I have a weird obsession with weddings.
Your options:
1. Think of it as a restaurant dinner party that happens to include a wedding. For $2k, take your closest friends/family to the courthouse, and then meet everybody else at a restaurant you booked. Have a nice dinner, booze--you can treat about 20-25 people. Can be secular or religious, but you're probably not gonna get a church out of this option. Slightly controversial depending on folks' expectations. Very normal for second marriages.
Don't waste a lot on wedding attire. There's lots of ways to get around this, my favorite of which is to skip a wedding dress and go with
www.renttherunway.com.
Never been to a wedding like this, but very nearly had one and extensively researched the options.

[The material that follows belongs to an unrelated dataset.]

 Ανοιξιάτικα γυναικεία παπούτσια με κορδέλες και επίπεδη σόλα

2. Poor as church mice church wedding. You've been going to this church for years and have a lot of people on your team for the wedding. You invite a ton of people, the church is free, as is the pastor, the choir, and the organist, and you have the reception in the basement (no booze). The reception features lots of Costco food heated up and served by volunteers who love you. The church secretary makes the cake. You wear your mother's dress, or luck out with a $100 dress made in China that you found on Ebay. Get your makeup done at Macy's the morning of the wedding.
I've gone a
lot of these, and I find them charming. My own wedding was kind of like this, but a little fancier (our budget was $10k). Only works if you have the right community. Not to mention a church you've gone to for years.
3. Secular backyard potluck wedding. You're gonna need a backyard and a nice, can-do community who likes to cook. You're also gonna need low expectations and you're really gonna need to get the fuck off Pinterest because that shit gets expensive and soul-numbing.

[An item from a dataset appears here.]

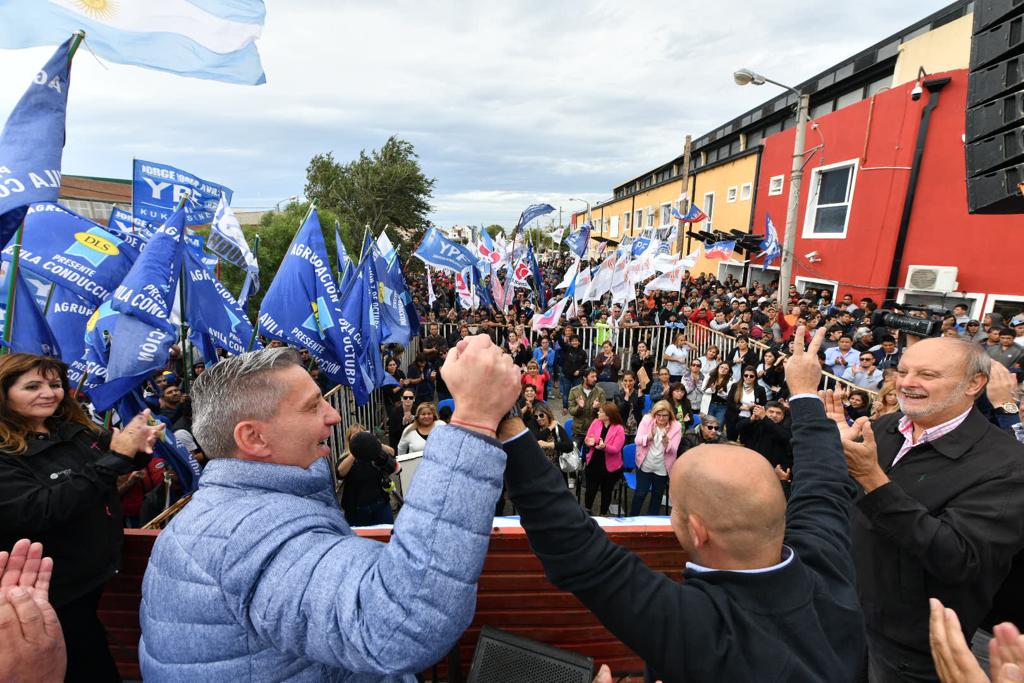 La fórmula Arcioni-Sastre cerró su campaña en Comodoro Rivadavia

4. Destination wedding elopement. To a low-key, non-international destination.
Honestly, for $2k on a first marriage wedding, you're gonna have to have a bride and groom who have a very strong understanding of who they are, because in most families there is going to be some serious pushback. It can be done, but depending on your circumstances it's going to require a strong constitution. A wedding with the bare minimum of wedding expectations is going to run you around $8k-$15k, depending on how much help your community wants to give you.

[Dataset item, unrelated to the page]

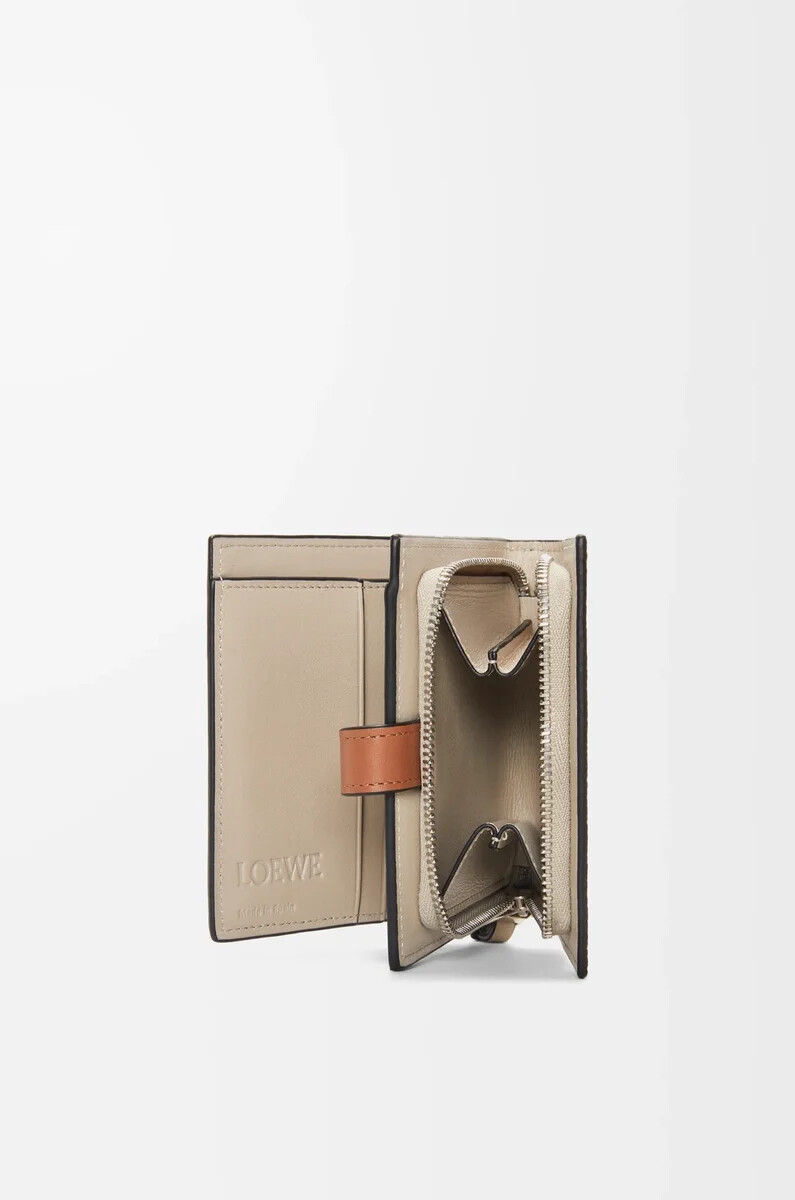 cartera compacta con cremallera en piel de becerro granulada suave color romerobronceado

BTW, yeah, um, you don't throw a party expecting a gift from your guests. I've read every wedding etiquette book known to man, plus all the wedding websites (I second the recommendation for
www.apracticalwedding.com; do not, I repeat, do not allow your fiancee on
www.stylemepretty.com). You throw the party as a party for your friends/family to celebrate the creation of a new marriage. Gifts are a bonus, not a requirement. You write thank you notes for them ASAP. Plenty of people will say times have changed, but trust me on this: it's easier to just throw the party with no expectations of gifts, and it's easier to just write the damn thank you notes.